How can he get away with that type of comment when a number of people are begining to state that the numbers are not credible?
I for one recall the days of the "fudget budget" from the NDP. It seems as though we are seeing Campbell do his own fudging of the budget.
I hope that people and the media hold him accountable.
watch for massive cuts to provincial government employees in Victoria under the guise of an aging civil service. Don't worry though, keep reading Canwest, "services will be protected" . . . and privatized.
Gee, that's worked so well with hospital cleaning staff, hospital food, senior care and the massive sell out of our rivers to General Electric and incredible ecosystem destruction.
We get the government we vote for as the old saying goes. Too bad that the numbers who bothered to vote was less than 53 percent.
Whay happens now? well Saint Gordo has morphed from King Gordo and has a free hand to do just what he wants to do. Has he broken any promises yet? What will he be selling this month? How many kids will die in poverty in this rich province? How many single parents will do without , to keep the children at least partially healthy? Let the big circus continue. Does Gordo care about the less advantaged without the ability to support his visions? Of course he doesn't. He reminds me of a fast buck, third rate used car salesman and by God it works for him.
Latest number on the STV No vote was over 60 percent so lets let it die for at least awhile
"I hope that people and the media hold him accountable."You are joking or being facetious, right?
BTW DPL, it was far LESS than 53% actually, about 48% to be exact - shameful!
Anybody who don't like Gord the Great, maybe should have gone out in the rain to a polling station - for now just suffer in silence!
The media either through incompetence or nefarious plan, failed utterly in what should have been the main election issue.
Gordo will over the next couple of years will be doubling our power rates as a result of 100 billion (my guess)or so in IPP purchases at 12 cents a kwh when the spot price remains in the 2 cent a kwh range and everybody else is buying Nukes and southwest desert solar again in the 2 cent range.
The $50 billion in already committed probable IPP loses was never investigated or reported on by somebody with the cred's of Will McMartin. or Wilcox here or even the NDP itself.

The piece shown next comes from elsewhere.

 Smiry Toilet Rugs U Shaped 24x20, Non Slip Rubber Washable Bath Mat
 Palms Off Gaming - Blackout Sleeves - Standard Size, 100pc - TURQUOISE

http://publicpowerissues.blogspot.com/
tried but nobody would pick up the theme.
Will McMartin had a excellent article utterly destroying the NDP's bad ten years myth.
The NDP should have been shouting back McMartin's stats and the IPP losses every time the Libs brought up their economic creds and the NDP record yet Jerry Scott refused to go there. Gordo has no business experience whatsoever yet the NDP let him get away with that. When he did work for a developer 30 years ago he was their political guy and had nothing to do with the core of the business.

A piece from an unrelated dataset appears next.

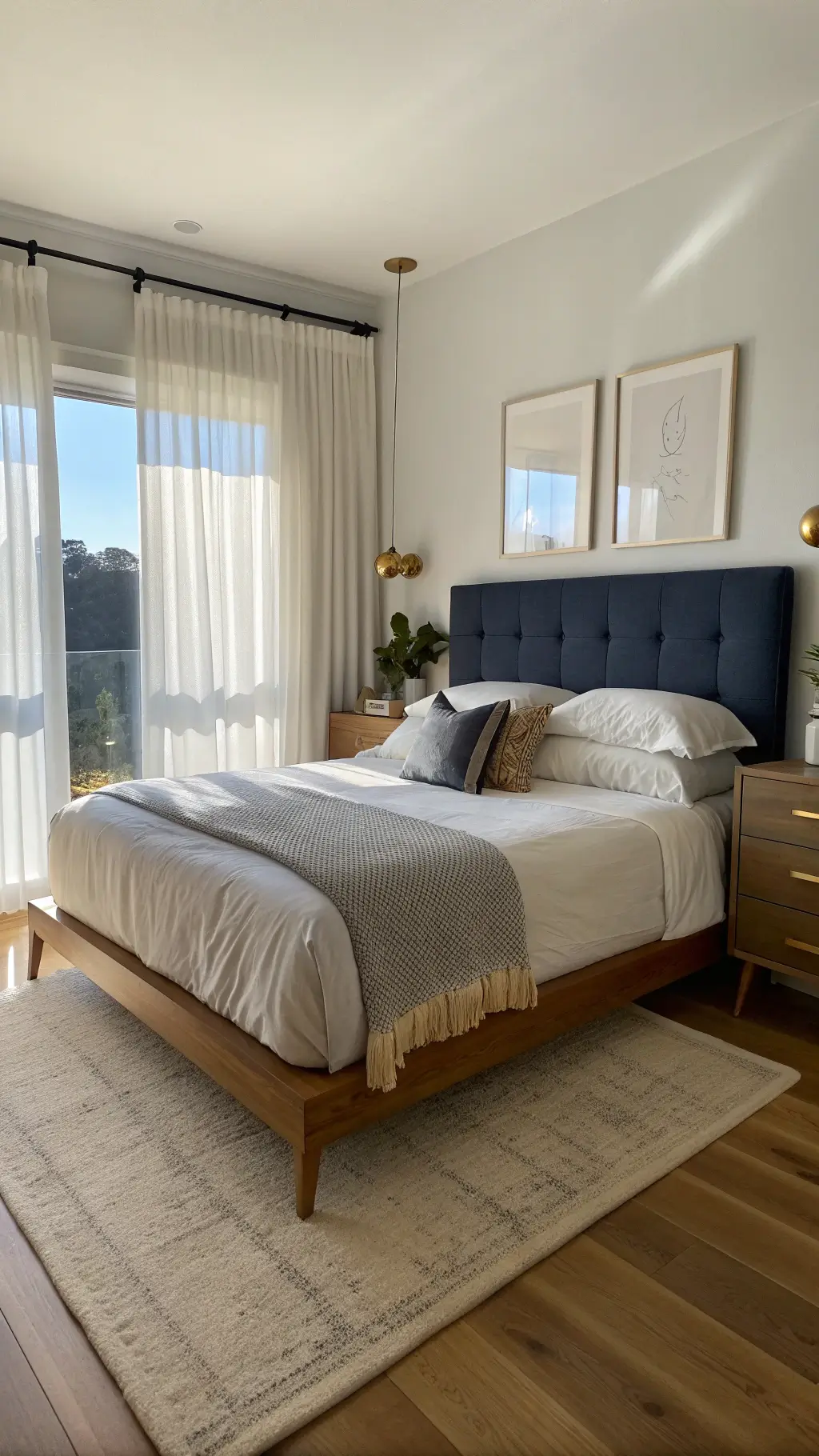 Cozy bedroom with golden hour light streaming through sheer curtains, featuring a low-profile platform bed with built-in storage, navy blue accent wall, floating walnut nightstands with brass sconces, and crisp white linens accented by a cream knit throw.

Idiots managed that campaign.
That said Canadians vote on image and Carol James has a oh so nice mom type image that will lose every election every time. Carol Taylor, or Larry Campbell had they been NDP leaders would have wiped the floor with the Gordo.

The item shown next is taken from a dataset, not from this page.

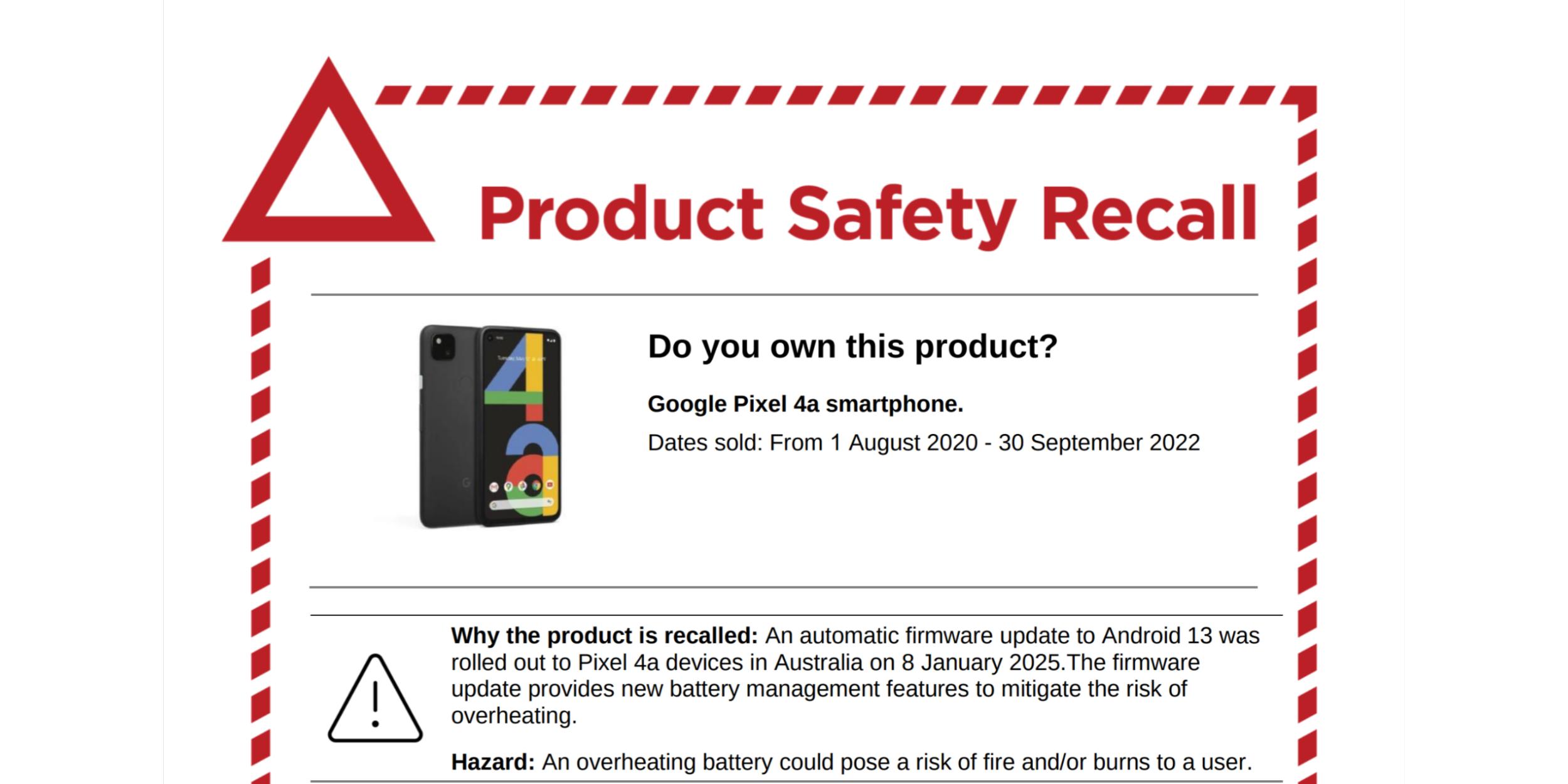 Pixel 4a, battery, overheating, recall, Google, update, firmware, safety, fire risk, burn risk, G025N, discount, Google Store, battery performance, stability, charging, Australia, ACCC, Product Safety Recall, Fitbit Sense, Versa 3, 2020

Finally Liberals 41 NDP 44 That would have been the result if the so called "Greens" had confined themselves to supporting STV and stayed out of this election.
In 8 ridings that the Gordo and his gang won the NDP + green vote was greater than the Liberal.
The first task in rebuilding the left is to eradicate the NOT "Green" party from the Canadian electoral scene, leaving it piled on the dung heap of Canadian politics and left to rot in its own irresponsible puerile rhetoric.